THE PROBLEM: Could you please transcribe the data exactly, without the pictures?

GIVEN INFORMATION:
□ □ □ □ □ □ □
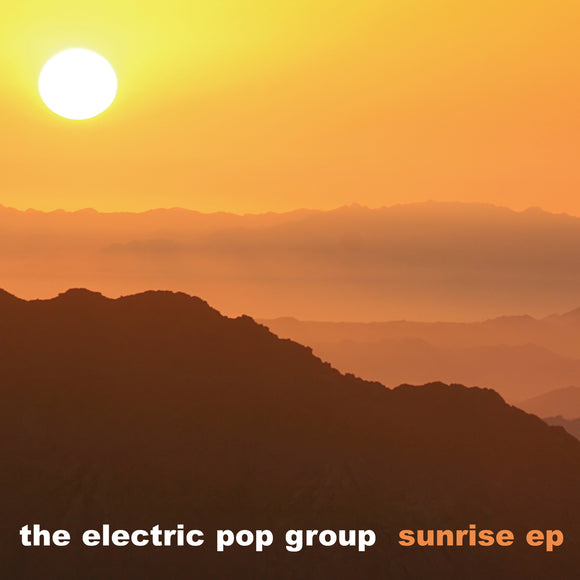 The Electric Pop Group - Sunrise EP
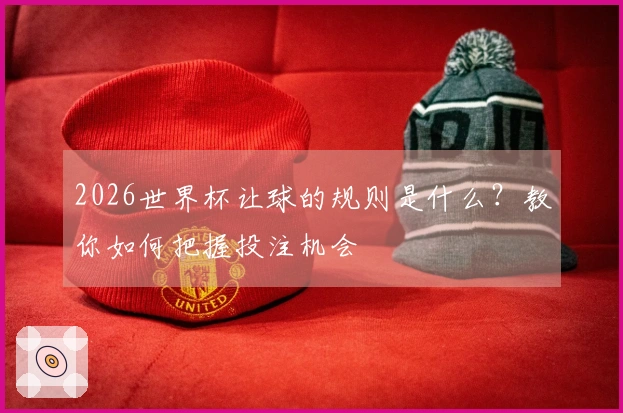 2026世界杯让球的规则是什么？教你如何把握投注机会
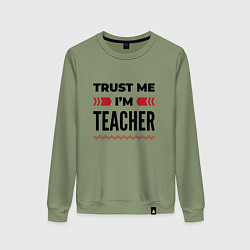 Женский свитшот Trust me - Im teacher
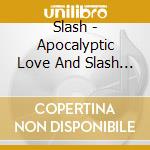 Slash - Apocalyptic Love And Slash (2 Cd) cd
□ □ □ □ □ □ □
EXERCISE RESULT:
 The Electric Pop Group - Sunrise EP
 2026世界杯让球的规则是什么？教你如何把握投注机会
 Женский свитшот Trust me - Im teacher
 Slash - Apocalyptic Love And Slash (2 Cd) cd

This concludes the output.